La primera mañana, fue simplemente extraño.

En la tercera, se convirtió en una historia que la gente contaba en voz baja, como si la cantidad de carne pudiera oírlos.

La anciana entró en la tienda de Tomás justo después de abrir, pagó con billetes usados y monedas, que contó dos veces, y luego salió, llevando sesenta kilos de carne de vacuno en bolsas que apenas podía evitar arrastrar por el pavimento mojado.

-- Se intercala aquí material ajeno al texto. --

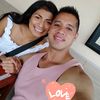 kacoalmo20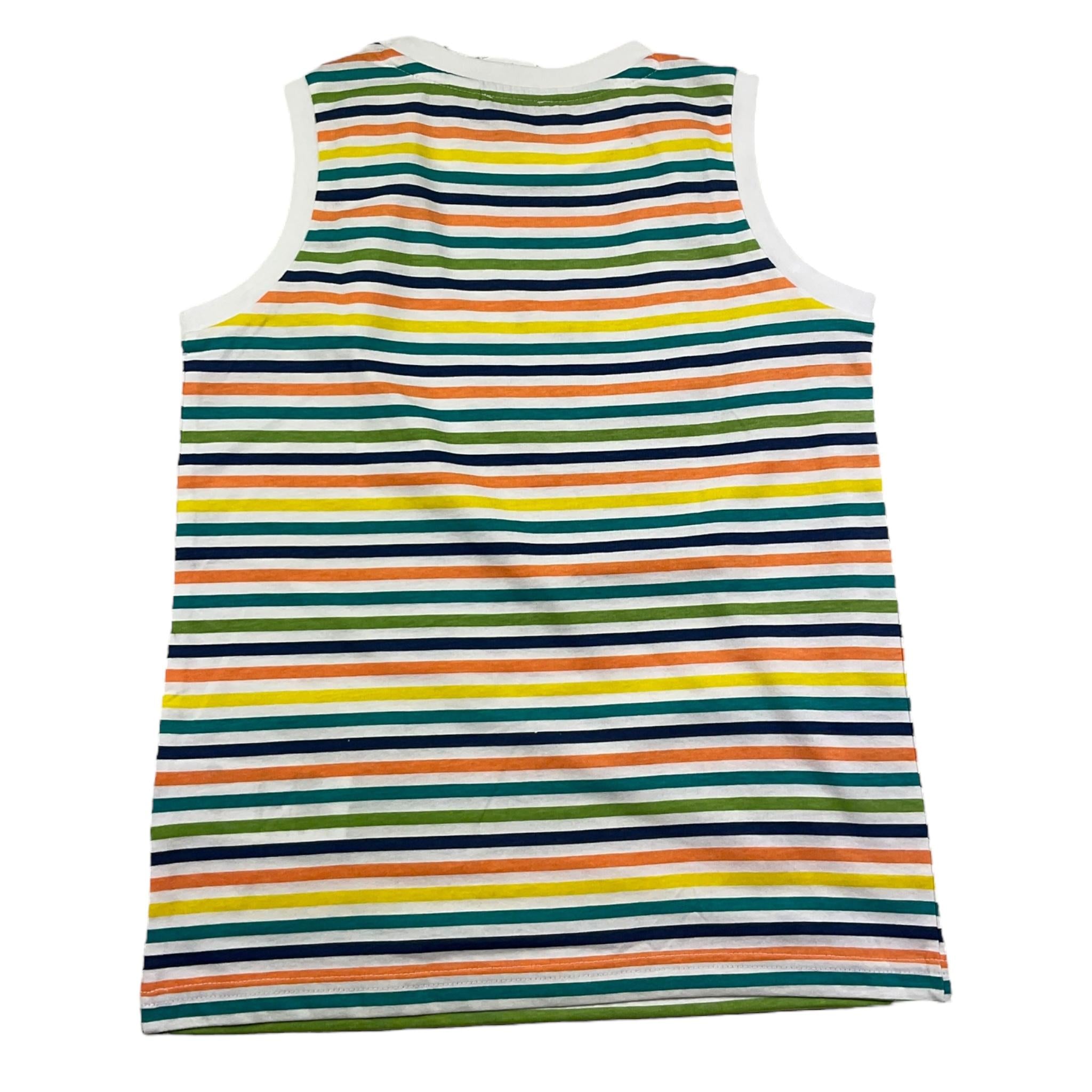 05842MULTICOLOR CHICCO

Nunca elegía buenas canciones.

Nunca las pidió.

Quería carne barata—trozos que hicieran arrugar la nariz a otros clientes; carne que de otro modo se habría molido para picar o habría ido a la cantina si aún aceptaba entregas. Abrazó las bolsas contra su abrigo, como si alguien pudiera arrebatárselas durante los doce minutos hasta la antigua carretera de servicio.

Sus ojos no paraban de moverse: la fachada, la salida del callejón, la parada del autobús, el hombre descargando las cajas al otro lado de la calle.

Esta es la visión de un hombre que lleva algo que no puede dejar caer — y que no puede explicar.